Forecasts of Niño-3 SST Anomalies and SOI Based on

Singular Spectrum Analysis Combined with the

Maximum Entropy Method

contributed by Amira Saunders, Michael Ghil and J. David Neelin

Department of Atmospheric Sciences and Institute of Geophysics and Planetary Physics University of California, Los Angeles, California

Singular spectrum analysis (SSA: Vautard and Ghil 1989) and the maximum entropy method (MEM: Penland et al. 1991) are combined to produce long-lead forecasts of sea-surface temperature (SST) anomalies averaged over the Niño-3 area and of the Southern Oscillation Index (SOI). The forecast is for up to one year ahead based on data from January 1950 to present.

This forecast follows up on earlier forecasts using combined SSA-MEM methodology for the SOI index by C. Keppenne and M. Ghil, starting in the March 1992 issue of this Bulletin, and on those of N. Jiang, M. Ghil and J. D. Neelin for Niño-3 SST anomalies, starting with the March 1995 issue. Detailed information on the forecast method is given by Keppenne and Ghil (1992) and in the March 1995 issue of this Bulletin (also Jiang et al. 1995). Briefly, the time series is filtered by SSA so that only the statistically significant low-frequency components are retained. Next, MEM is applied to advance these components in time. The extended components are then used in SSA-reconstruction to produce the forecasted values.

Figure 1 shows the method's Niño-3 SSTA forecasts for lead times of 3, 6, 9 and 12 months, from 1994 to the present. The forecast for each point utilizes only the appropriate part of the record that precedes the initial forecast time.

The SSA-MEM method predicts a warming of Niño-3 SST anomalies attaining modest positive anomalies that remain within error bars of normal conditions, until end of the calendar year, and decay afterwards. Correspondingly, the forecast SOI index shows a gradual decline until December 2000 to a very mild negative value, and then tends back toward normal conditions. The agreement between these forecasts suggests that although the cold event terminated it still seems unlikely that a strong event will develop during the coming year.

References:

Jiang, N., D. Neelin and M. Ghil, 1995: Quasi-quadrennial and quasi-biennial variability in the equatorial Pacific. Clim. Dyn., 12, 101-112.

Keppenne, C.L. and M. Ghil, 1992: Adaptive filtering and prediction of the Southern Oscillation Index. J. Geophys. Res., 97: 20449-20454.

Penland, C., M. Ghil and K. M. Weickmann, 1991: Adaptive filtering and maximum entropy spectra, with application to changes in atmospheric angular momentum. J. Geophys. Res., 96, 22, 659-22, 671.

Vautard, R., and M. Ghil, 1989: Singular spectrum analysis in nonlinear dynamics with applications to paleoclimatic time series. Physica D, 35, 395-424.

Fig. 1. Forecasts of the area-averaged Niño-3 SST anomalies (SSTAs) using the SSA-MEM scheme. The solid blue line connects the observed Niño-3 SSTAs (diamonds). The latest forecast starts from June 2000 and is shown forlead times of (a) 3 months, (b) 6 months, (c) 9 months, and (d) 12 months. In each figure the solid (red) line connects the individual forecasts (circles). The dashed lines are situated each at a distance of one standard deviation from the SSA-MEM forecasts. The standard deviation value is bsed on forecast verification over the 1984- 2000 time span.

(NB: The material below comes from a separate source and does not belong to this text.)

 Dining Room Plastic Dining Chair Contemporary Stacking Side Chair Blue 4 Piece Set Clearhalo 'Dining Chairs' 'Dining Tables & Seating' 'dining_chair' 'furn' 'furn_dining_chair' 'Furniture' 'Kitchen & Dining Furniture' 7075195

Fig. 2. Forecast Niño-3 SSTAs for the upcoming four seasons using the SSA-MEM scheme. The solid blue line connects the observed Niño-3 SSTAs through May 2000. The red dotted line and circles indicate the SSA-MEM forecasts for the next 4 seasons, together with the respective error bars (vertical brown lines).

Fig. 3. SSA-MEM forecast of the SOI from June 2000 through May 2001. The black circles are the monthly SOI values based on a 5-month runningmean without the seasonal cycle. The solid (blue) line is the SSA-filtered SOI. The last 12 circles (red) indicate the forecast for the next 12 months.